How to track the health care consolidation trend in your community

Author(s)
Published on
November 17, 2016

Health care providers are consolidating throughout the country, impacting how much care costs, how it’s delivered and how it’s accessed.

Consolidation is a trend that has taken place for some time, and has picked up pace in recent years. Some instances of consolidation are of the horizontal nature, where hospitals acquire other hospitals, while some are examples of vertical integration, in which hospitals and outpatient providers are combined. 

As I wrote about in my 2016 California Fellowship series, regulators are weighing the proposal from two major health care nonprofit providers in Santa Barbara County — Cottage Health, which includes three hospitals and the sole hospital in the county, and Sansum Clinic, a network of 26 outpatient clinics.

The providers claim they would work better together by creating an accountable care organization — touted by the Affordable Care Act — that would streamline delivery and reduce costs. Critics are concerned that a vertically integrated organization would increase the combined organization’s bargaining power with insurers, which would lead to increased costs. Independent physicians are worried they would get squeezed out of the market, which could reduce access to care.

But given the tight-lipped nature of the Federal Trade Commission’s antitrust investigations, there has not been much reporting on the proposal and the public conversation has been limited.

At the Pacific Coast Business Times, we came out with a series of three stories: the history of the organizations and how they charted a path to become one; how a merger would impact cost and access; and how regulators have ruled on past vertical integrations.

The projects were prominently featured on the front page of our weekly publication, as we strived to inform a thoughtful conversation. We also featured the stories on our NPR affiliate in Thousand Oaks, KCLU, and the patient advocate organization AdvoConnection sent out the story links in its email to members.

Our readers seemed to particularly respond to a patient I featured in my second story of the series who had “sticker-shock” after receiving her hospital bill following a trip to the ER. Many could relate to her story.
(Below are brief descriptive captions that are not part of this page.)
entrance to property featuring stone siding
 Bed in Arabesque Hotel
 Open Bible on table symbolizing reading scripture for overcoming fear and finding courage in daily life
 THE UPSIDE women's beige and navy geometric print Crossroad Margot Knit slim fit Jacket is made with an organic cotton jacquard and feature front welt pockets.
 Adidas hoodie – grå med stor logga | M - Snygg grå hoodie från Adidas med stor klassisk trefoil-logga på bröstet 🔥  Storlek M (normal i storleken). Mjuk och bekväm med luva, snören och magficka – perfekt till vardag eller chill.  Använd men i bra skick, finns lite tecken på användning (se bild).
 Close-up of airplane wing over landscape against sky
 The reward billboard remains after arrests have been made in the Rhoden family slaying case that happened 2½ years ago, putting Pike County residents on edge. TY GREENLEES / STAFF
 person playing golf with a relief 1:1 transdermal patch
I found it was important to be relentless. I contacted about two dozen patient advocates to try to connect with patients who would talk about their experience in our health care system. I reached out to about 10 bankruptcy lawyers and a handful of doctors to try to find a patient who would talk on the record. I called dozens of local residents by poring through lawsuits filed against the organizations and tracking down the individuals who lodged the complaints in the phone book. I spent hours outside of the hospital’s third-party debt collection agency trying to find a patient who would talk.

Here’s some advice for reporters covering health care mergers:

  • Familiarize yourself with the datasets provided by the Office of Statewide Health Planning and Development to track annual cost trends.
  • Use Medicare data provided by CMS to find out what hospitals charged versus what Medicare paid.
  • Patient advocates can be good resources for sourcing.
  • Tap the knowledge of professors who study economics and health care policies.
  • Study lawsuits that have been filed against one of the organizations — the lawyers on record can provide background information on antitrust law.
  • Note the other merger proposals the Federal Trade Commission has investigated.
  • Subscribe to daily Modern Healthcare and California Healthline newsletters to stay up to date.
  • Medical debt is often the leading cause of bankruptcies. Head to your local bankruptcy lawyers or court to find individual examples of patients with medical debt.
  • If it’s a nonprofit provider, go through its IRS 990 Forms to track executive salaries, revenues, charitable care and bad debt.
  • The Association of Health Care Journalists is a great resource for sourcing, studies on health care policy and trends, and has a broad listserv that you can bounce inquiries off of.
  • Assemble an email list of organizations and individuals who are impacted by changes in the health care system who will share your stories.